Letter to a young man leaving Cuba

This letter, written in May of this year, reflects something of today’s generational change in Cuba and something of the island’s new political language seeking to explain it. It was headed by this biblical text, from St. Paul’s instructions to Timothy: “Don’t let anyone look down on you because you are young, but set an example for the believers in speech, in conduct, in love, in faith and in purity… Watch your life and doctrine closely. Persevere in them because if you do, you’ll save both yourself and your hearers.” 1 Timothy 4:12-16

Rafael Hernández

I ’m sure you don’t remember the fall of the Berlin Wall, as perhaps you were born in that same year or at best you were finishing primary school. For you and your friends, the death of Ché is an event as remote as the era of the Russian revolution was for those of us who went out on the Literacy Crusade in 1961; as remote as the last century.

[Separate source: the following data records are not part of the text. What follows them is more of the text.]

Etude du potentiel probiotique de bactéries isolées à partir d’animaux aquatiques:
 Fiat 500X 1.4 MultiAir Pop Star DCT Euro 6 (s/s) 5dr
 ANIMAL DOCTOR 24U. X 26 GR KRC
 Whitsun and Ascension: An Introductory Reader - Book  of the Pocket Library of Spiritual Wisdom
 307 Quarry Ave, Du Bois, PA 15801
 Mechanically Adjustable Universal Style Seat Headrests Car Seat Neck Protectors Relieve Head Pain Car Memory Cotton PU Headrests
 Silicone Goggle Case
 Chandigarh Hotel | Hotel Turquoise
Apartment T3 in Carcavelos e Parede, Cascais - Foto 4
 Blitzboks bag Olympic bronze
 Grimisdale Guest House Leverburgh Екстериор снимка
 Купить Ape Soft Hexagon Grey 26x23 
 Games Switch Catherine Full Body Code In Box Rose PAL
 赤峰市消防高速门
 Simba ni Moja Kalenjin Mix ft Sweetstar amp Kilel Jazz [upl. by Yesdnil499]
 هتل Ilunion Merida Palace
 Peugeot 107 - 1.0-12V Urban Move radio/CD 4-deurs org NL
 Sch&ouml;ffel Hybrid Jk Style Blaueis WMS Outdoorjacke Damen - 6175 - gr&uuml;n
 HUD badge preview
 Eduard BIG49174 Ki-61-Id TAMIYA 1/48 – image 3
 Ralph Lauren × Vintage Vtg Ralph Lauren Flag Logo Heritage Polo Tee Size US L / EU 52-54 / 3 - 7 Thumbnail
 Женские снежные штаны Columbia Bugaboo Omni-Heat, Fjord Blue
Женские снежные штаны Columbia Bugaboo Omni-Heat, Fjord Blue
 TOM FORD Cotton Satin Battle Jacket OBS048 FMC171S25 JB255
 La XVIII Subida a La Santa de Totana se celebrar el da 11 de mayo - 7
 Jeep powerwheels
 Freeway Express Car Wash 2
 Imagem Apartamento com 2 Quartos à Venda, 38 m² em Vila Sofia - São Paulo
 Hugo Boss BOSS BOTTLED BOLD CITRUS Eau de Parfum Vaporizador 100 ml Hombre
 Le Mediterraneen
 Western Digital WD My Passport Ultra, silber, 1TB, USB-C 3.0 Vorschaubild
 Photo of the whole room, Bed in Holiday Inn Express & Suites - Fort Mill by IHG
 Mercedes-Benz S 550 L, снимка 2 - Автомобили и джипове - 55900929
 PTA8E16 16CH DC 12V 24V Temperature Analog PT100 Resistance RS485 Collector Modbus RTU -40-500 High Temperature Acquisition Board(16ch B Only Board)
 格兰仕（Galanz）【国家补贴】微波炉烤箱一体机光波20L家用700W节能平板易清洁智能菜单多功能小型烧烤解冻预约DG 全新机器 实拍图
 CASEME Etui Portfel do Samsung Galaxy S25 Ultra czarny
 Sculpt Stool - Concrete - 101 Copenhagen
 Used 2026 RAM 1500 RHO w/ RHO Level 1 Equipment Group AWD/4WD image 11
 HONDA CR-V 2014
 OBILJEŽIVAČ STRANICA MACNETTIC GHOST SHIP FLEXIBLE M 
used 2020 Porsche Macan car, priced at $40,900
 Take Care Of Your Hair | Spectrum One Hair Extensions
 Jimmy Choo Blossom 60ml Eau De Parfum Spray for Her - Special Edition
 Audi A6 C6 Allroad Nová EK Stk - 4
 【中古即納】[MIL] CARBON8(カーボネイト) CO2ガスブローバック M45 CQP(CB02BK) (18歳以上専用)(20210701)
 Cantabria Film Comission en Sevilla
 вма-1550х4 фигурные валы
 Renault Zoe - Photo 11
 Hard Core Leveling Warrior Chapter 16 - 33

Although you were alive to celebrate the birth of the new millennium, you feel more 21st century than 20th. If someone were to tell you that you’re a transition Cuban, you would give them a strange look. This phrase had a certain glory in the sixties; now not so much. On the other hand, if someone were to tell you you’re a citizen of the special period, you might shrug your shoulders or make a cutting remark, but basically you would be more in agreement.

Most of your childhood and adolescence coincided with that special period. Unlike the old folk, you haven’t had to experience it as really bad times, or worse, a breakdown of dreams, but rather as life’s only horizon.

By the time you arrived,
everything was done

In your 22 years, which, the experts say is a generation and a half, you haven’t experienced epics like the Bay of Pigs or the October Crisis, or even the Angolan war. You feel that the biggest difference with the old, however, wasn’t the lack of those heroic moments but of those dreams. The more television pours out its repeated images on the screen, the further the revolutionary saga moves from you. You’ve seen them so many times they don’t tell you anything.

But it’s not this that you’ve missed as much as the projects those before you were able to do. By the time you came along, everything was done, established by those who had demolished the old order (“the past” to them) and built and regulated the new. You weren’t here in time for that construction; you think the country invented by others (“the past” to you) no longer exists and only a rather hopeless old order survives. The worst, however, isn’t to have been born into a pre-established order, because this happens to everyone, but rather your uncertain chances of changing it. In any event, you don’t want to spend your life trying to do so, because this is the only life you have, and you aspire to have your own roof over your head, a job you like that allows you to do what you can with your ability and efforts, without transport and electricity hardships, and to plan to go somewhere on vacation once a year, even if you have to do without other things. You think the only way to achieve such a life is to hop over this horizon and look for others.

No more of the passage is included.